PhilBERT leverages DistilBERT, a distilled version of BERT, maintaining the same architecture but with 40% fewer parameters, making it lightweight while preserving high accuracy. The final model includes:

  • Tokenizer: Trained to recognize phishing-specific patterns (URLs, obfuscation, domain misspellings).
  • Custom Classifier: A fully connected dense layer added for binary classification (phishing vs. benign).
  • Risk Scoring Mechanism: A weighted confidence score applied to enhance detection reliability.

Data Preprocessing

Before fine-tuning, the dataset underwent extensive preprocessing to ensure balance and quality:

  • Duplicate Removal & Balancing: Maintained a near 50-50 phishing-to-benign ratio to prevent model bias.
  • Feature Extraction: Applied to URLs, HTML, email bodies, and SMS content to enrich input representations.
  • Dataset Split: Final dataset included:
    • 427,028 benign URLs & 381,014 phishing URLs
    • 17,536 unique email samples
    • 5,949 SMS samples
    • Web entries filtered for efficiency (removing entries >100KB).
  • Export Format: Data transformed and stored in JSON for efficient training.

Training & Evaluation

PhilBERT was fine-tuned on multi-modal phishing datasets using transfer learning, achieving:

Metric Value
Accuracy 88.77%
Precision 85.22%
Recall 93.81%
F1-Score 89.31%
Evaluation Runtime 130.46s
Samples/sec 58.701
  • False Positive Reduction: Multi-layered filtering minimized false positives while maintaining high recall.
  • Scalability: Successfully stress-tested for up to 25,000 simultaneous users.
  • Compliance: Meets ISO 27001 and GDPR standards for security and privacy.

Usage

Installation

pip install transformers torch

Inference

from transformers import AutoTokenizer, AutoModelForSequenceClassification
import torch

model_name = "your_username/PhilBERT"

tokenizer = AutoTokenizer.from_pretrained(model_name)
model = AutoModelForSequenceClassification.from_pretrained(model_name)
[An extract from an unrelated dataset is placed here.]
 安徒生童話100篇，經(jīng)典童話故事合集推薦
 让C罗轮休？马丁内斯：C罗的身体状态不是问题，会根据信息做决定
text = "Click this link to update your bank details: http://fakebank.com"
inputs = tokenizer(text, return_tensors="pt")

with torch.no_grad():
    outputs = model(**inputs)
    predictions = torch.nn.functional.softmax(outputs.logits, dim=-1)

print(f"Phishing probability: {predictions[0][1].item():.4f}")

License

This model is proprietary and protected under a custom license. Please refer to the LICENSE file for terms of use.